La gauche israélienne, on le sait, est en mauvaise posture. C'est vraiment du bout des lèvres que le parti Travailliste et Meretz ont finalement accepté de faire liste commune, comme moyen d'éviter que l'un des deux n'atteigne pas le seuil de représentativité au Parlement.
L'alliance électorale des deux partis devrait permettre à leur liste commune d'arriver à 9 ou 10 mandats aux élections du 2 mars, selon les sondages de ces derniers jours. Le parti Travailliste, comme le Meretz sont des partis sionistes, ce qui ne les a jamais empêchés de présenter des candidats arabes, qui ont d'ailleurs siégé sous leurs couleurs à la Knesset. Si le Parti Travailliste n'a plus d'élu arabe depuis 2019, le Meretz avait encore réussi à aligner un élu arabe aux élections d'avril dernier.
Si les électeurs arabes votent majoritairement pour les partis de leur secteur, il reste toujours un électorat marginal pour les partis sionistes, de préférence à gauche, mais pas de manière systématique. Sont privilégiés par une frange de l'électorat arabe les partis susceptibles d'améliorer les conditions de leur communauté.

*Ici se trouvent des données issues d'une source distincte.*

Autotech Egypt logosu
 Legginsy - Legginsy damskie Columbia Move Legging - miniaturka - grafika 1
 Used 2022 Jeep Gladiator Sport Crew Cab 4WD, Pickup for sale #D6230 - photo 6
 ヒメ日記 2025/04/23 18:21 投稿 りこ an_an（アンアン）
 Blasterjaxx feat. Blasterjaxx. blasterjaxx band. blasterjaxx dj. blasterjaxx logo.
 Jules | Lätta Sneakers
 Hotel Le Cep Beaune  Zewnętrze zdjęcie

Mais à gauche, se pose un problème supplémentaire. Pour le parti travailliste, une partie de son électorat traditionnel a migré vers la droite au bénéfice du parti centriste. Pour le Meretz, plus à gauche que les Travaillistes, le positionnement idéologique manque de clarté, ce qui nuit au renouvellement de son électorat. Or, on assiste à une nouvelle tendance qui se dessine dans une partie de la gauche israélienne, qui, à travers l'activisme social et laïque, privilégie de plus en plus l'égalité de tous ses citoyens au détriment du caractère juif de l'Etat. L'égalité entre Juifs et Arabes fait d'ailleurs l'objet d'une réflexion vers la création d'un parti judéo-arabe, qui ne serait donc plus spécifiquement sioniste.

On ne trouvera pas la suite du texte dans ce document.